Guci


Kabut turun begitu pekat hingga rasanya seperti bisa disentuh, seolah setiap helai uap adalah bisikan dari masa lalu yang tak pernah selesai. Saat aku menuruni tangga menuju pemandian air panas Guci, udara dingin menempel di kulitku seperti kenangan yang enggan pergi. Di antara pepohonan yang berdiri seperti penjaga tua, aku merasa seakan melangkah masuk ke wilayah yang tidak sepenuhnya milik dunia nyata, tempat waktu berjalan pelan dan suara manusia hanya gema yang cepat hilang.

Ketika tubuhku tenggelam dalam air hangatnya, aku merasakan sesuatu yang mirip dengan kelahiran kembali. Air itu, yang bagi penduduk setempat disebut anugerah dari perut bumi, mengalir pelan di sekitarku seolah ingin mengajarkan bahwa kenyamanan tidak pernah datang dari kehangatan semata, melainkan dari pertukaran diam antara tubuh dan alam. Setiap gelembung kecil yang pecah di permukaan membawa cerita yang mungkin telah mengendap selama berabad-abad, menunggu seseorang untuk mendengarkannya.
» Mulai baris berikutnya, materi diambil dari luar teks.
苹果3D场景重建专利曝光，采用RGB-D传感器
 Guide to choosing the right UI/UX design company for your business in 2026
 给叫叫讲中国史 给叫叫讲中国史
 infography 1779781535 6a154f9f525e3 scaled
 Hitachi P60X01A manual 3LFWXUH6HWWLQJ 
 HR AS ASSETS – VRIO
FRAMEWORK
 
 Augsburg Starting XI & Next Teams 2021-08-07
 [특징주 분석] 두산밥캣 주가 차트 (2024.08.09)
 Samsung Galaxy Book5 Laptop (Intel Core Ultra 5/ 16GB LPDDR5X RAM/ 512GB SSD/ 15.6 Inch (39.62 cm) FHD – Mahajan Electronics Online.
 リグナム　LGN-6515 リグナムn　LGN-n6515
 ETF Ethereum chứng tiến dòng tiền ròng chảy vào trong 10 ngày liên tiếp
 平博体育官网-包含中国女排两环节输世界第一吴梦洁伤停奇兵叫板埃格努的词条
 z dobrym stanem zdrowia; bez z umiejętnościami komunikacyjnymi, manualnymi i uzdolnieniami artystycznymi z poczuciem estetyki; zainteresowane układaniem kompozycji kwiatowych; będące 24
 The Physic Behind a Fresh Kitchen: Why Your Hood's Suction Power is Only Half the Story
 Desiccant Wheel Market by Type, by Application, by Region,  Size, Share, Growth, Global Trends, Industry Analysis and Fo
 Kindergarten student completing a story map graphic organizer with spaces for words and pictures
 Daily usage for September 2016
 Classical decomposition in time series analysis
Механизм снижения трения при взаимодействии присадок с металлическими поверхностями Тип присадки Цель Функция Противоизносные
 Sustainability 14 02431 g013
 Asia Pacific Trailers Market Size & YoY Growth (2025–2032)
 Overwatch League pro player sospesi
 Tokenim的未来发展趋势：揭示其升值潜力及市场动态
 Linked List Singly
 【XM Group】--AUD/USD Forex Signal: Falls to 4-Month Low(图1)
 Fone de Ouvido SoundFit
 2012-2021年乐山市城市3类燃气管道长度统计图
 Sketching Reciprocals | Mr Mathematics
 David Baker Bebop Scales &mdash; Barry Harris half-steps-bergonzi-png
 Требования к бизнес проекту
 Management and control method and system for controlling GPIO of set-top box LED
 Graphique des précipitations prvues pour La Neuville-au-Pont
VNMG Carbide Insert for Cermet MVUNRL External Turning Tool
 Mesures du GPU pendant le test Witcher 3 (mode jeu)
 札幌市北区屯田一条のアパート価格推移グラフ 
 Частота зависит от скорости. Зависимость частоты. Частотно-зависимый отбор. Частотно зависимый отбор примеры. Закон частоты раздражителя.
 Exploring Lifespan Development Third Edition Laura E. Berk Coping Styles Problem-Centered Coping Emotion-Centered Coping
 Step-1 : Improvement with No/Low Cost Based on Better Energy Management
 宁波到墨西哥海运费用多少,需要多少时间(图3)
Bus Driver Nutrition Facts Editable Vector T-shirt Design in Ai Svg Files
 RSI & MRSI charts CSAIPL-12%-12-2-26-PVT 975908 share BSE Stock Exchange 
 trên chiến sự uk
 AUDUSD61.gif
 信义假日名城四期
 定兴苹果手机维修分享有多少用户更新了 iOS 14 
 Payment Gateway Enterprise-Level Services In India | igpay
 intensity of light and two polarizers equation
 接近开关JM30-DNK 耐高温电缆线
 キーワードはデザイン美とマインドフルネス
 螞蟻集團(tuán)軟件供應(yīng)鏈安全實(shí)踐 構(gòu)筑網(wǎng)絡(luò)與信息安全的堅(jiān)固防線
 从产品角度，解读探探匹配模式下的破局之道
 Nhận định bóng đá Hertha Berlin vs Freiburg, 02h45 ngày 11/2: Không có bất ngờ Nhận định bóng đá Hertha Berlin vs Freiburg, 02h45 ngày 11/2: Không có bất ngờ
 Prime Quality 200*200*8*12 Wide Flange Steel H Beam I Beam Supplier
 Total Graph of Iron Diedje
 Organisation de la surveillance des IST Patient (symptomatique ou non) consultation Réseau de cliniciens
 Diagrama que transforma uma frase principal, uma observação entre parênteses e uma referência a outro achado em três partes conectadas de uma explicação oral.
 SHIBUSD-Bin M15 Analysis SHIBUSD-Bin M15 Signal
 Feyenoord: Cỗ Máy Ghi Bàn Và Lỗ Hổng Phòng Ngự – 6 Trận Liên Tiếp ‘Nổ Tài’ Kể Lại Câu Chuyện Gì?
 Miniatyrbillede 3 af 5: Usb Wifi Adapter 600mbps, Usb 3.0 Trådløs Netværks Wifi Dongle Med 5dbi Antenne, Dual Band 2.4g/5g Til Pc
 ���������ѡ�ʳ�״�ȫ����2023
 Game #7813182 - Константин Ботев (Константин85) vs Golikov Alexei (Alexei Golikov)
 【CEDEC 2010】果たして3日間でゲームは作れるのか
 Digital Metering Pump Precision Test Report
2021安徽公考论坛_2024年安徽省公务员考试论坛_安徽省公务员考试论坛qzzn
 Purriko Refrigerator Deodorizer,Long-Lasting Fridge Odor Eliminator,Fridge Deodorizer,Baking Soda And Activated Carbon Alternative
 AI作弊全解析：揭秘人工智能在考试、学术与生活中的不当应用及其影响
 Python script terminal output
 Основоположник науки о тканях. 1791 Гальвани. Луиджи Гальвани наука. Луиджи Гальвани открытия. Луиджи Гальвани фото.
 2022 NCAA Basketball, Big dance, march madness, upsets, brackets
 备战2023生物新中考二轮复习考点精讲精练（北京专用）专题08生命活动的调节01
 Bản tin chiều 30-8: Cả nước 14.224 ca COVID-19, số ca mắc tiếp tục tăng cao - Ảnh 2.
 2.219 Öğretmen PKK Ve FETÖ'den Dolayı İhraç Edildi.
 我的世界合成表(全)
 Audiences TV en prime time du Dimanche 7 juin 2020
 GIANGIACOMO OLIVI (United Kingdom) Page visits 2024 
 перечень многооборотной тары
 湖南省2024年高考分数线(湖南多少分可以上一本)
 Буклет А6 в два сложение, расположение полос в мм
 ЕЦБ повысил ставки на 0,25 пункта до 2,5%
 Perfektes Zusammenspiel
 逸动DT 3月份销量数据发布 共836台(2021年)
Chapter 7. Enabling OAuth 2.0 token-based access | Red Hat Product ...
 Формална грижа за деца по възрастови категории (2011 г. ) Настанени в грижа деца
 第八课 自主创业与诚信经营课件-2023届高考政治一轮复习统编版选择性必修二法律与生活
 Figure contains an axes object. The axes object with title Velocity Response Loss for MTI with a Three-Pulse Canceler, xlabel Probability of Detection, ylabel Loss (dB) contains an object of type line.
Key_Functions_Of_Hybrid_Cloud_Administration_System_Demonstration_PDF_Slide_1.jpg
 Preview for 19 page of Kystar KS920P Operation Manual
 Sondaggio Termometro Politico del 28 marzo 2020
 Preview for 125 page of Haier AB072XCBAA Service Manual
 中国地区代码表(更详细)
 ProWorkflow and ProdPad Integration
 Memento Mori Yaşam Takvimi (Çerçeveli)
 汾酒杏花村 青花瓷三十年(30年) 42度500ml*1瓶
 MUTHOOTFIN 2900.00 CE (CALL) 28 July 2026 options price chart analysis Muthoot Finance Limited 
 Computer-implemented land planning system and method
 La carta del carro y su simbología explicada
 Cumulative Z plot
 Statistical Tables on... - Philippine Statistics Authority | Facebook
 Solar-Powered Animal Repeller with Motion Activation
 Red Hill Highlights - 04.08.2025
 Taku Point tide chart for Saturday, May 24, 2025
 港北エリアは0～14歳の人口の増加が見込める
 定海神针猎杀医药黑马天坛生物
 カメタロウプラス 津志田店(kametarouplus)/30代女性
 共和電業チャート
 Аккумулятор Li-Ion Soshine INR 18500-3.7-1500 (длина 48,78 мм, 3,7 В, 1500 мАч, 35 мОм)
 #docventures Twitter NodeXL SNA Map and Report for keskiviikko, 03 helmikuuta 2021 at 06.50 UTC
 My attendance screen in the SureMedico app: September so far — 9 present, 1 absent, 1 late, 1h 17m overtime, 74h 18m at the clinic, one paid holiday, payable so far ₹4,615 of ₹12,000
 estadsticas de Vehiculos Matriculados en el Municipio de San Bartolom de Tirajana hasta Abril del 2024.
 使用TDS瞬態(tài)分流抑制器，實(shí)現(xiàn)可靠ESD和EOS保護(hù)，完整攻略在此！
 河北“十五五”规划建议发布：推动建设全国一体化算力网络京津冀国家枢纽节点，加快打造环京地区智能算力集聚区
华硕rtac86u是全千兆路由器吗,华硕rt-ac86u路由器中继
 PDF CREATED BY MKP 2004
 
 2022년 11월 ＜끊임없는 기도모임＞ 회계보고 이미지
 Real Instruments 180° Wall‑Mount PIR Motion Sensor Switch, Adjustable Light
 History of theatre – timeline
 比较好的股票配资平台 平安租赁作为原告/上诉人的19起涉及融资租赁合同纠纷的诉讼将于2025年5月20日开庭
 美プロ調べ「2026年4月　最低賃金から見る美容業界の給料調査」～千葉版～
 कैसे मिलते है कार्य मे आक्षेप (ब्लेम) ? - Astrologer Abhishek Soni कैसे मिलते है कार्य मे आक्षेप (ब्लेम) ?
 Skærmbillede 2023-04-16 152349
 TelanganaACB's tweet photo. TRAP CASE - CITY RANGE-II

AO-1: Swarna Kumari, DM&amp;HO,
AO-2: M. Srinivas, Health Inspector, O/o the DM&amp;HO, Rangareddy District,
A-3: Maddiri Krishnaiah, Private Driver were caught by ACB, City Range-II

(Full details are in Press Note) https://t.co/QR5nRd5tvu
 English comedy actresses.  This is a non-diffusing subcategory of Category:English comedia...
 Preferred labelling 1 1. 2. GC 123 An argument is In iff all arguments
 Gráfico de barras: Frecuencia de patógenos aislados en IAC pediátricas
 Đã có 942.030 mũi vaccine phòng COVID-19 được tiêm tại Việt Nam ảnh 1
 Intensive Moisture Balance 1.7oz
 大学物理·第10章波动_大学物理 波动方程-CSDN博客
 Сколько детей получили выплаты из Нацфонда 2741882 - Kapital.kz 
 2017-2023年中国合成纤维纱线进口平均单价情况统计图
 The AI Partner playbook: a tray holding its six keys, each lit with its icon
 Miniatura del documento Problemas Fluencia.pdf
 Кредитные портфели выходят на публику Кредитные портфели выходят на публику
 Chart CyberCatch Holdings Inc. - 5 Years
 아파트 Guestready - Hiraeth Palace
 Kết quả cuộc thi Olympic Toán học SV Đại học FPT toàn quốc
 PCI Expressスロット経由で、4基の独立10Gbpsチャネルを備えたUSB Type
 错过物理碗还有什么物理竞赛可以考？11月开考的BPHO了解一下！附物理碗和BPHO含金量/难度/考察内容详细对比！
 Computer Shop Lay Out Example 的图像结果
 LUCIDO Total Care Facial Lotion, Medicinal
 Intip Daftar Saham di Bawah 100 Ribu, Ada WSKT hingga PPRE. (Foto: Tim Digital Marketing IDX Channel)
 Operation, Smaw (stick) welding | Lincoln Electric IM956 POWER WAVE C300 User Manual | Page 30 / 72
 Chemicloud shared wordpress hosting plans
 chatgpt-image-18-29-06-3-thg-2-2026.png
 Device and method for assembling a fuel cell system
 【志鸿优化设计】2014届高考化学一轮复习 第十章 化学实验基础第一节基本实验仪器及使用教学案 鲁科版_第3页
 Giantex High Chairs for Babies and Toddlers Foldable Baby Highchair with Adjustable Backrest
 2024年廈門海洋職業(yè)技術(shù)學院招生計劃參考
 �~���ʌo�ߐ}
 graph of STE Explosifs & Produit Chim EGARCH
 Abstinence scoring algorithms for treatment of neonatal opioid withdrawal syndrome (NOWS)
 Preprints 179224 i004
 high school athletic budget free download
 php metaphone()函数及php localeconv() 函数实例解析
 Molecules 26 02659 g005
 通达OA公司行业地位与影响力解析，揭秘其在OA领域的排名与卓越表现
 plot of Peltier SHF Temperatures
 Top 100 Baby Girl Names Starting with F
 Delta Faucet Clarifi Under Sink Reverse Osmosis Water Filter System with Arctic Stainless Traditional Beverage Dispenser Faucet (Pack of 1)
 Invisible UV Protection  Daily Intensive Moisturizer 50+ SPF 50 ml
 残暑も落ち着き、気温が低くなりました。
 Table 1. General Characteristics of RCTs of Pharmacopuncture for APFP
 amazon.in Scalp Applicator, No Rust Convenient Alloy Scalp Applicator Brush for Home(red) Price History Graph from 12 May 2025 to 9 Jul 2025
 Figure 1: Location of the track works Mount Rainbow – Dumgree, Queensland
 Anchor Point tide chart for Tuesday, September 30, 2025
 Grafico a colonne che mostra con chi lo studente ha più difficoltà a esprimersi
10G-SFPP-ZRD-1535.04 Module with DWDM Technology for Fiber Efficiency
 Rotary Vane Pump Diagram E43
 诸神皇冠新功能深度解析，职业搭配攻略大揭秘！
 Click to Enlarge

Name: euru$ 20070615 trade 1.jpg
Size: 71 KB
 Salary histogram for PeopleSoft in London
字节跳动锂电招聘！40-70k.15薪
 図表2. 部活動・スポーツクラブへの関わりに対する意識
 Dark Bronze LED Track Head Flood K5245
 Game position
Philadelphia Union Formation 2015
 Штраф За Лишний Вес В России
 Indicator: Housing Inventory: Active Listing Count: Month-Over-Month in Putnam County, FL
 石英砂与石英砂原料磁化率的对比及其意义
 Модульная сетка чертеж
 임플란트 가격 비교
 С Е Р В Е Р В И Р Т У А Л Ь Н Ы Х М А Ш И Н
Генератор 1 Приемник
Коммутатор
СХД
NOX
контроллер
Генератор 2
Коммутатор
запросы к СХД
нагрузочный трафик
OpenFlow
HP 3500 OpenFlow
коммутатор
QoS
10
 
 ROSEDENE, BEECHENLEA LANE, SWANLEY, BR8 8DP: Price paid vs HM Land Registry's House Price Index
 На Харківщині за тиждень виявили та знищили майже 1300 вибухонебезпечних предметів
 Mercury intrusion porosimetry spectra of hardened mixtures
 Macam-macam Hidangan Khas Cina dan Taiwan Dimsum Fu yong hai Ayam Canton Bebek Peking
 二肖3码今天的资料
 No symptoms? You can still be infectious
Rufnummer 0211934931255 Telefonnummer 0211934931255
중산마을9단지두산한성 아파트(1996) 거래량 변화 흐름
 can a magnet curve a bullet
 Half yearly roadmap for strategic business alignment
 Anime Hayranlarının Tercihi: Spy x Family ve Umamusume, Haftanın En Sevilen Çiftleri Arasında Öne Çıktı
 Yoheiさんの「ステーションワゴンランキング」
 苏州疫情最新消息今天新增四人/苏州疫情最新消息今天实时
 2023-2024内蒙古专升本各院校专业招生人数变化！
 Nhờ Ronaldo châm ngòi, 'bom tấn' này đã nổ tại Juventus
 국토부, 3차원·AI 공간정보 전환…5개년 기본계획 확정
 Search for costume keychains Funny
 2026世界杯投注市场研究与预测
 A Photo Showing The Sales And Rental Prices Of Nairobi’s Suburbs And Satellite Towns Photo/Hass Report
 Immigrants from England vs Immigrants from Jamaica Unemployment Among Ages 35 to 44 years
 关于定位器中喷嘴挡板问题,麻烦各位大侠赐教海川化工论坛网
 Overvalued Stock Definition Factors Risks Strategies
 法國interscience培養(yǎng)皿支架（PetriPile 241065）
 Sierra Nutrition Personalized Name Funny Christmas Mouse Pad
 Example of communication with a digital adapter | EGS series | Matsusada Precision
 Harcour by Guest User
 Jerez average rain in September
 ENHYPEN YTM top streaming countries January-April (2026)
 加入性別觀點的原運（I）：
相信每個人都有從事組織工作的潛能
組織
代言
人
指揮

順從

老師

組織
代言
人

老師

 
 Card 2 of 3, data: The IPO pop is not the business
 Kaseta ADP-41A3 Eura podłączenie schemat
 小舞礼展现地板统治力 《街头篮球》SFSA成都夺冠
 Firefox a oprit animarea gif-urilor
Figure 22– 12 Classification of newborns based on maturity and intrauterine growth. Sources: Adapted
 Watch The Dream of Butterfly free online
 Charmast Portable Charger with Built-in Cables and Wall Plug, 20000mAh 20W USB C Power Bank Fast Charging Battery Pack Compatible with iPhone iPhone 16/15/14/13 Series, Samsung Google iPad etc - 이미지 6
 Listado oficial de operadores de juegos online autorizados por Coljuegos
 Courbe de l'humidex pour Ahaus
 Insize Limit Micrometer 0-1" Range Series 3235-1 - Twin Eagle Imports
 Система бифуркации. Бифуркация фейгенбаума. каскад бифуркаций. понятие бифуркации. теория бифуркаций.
Di kejauhan, atap-atap rumah dan pepohonan tenggelam dalam kabut seperti desa yang perlahan berubah menjadi mimpi. Aku duduk di dalam air itu, membiarkan diriku ditelan suasana yang asing namun akrab, dan menyadari bahwa tempat ini memiliki caranya sendiri untuk mengikat jiwa manusia tanpa ikatan apa pun. Dalam keheningan itu, aku merasa seakan bumi sedang membisikkan sesuatu yang tidak perlu diterjemahkan: bahwa kehangatan sejati hanya muncul ketika seseorang berhenti melawan dingin.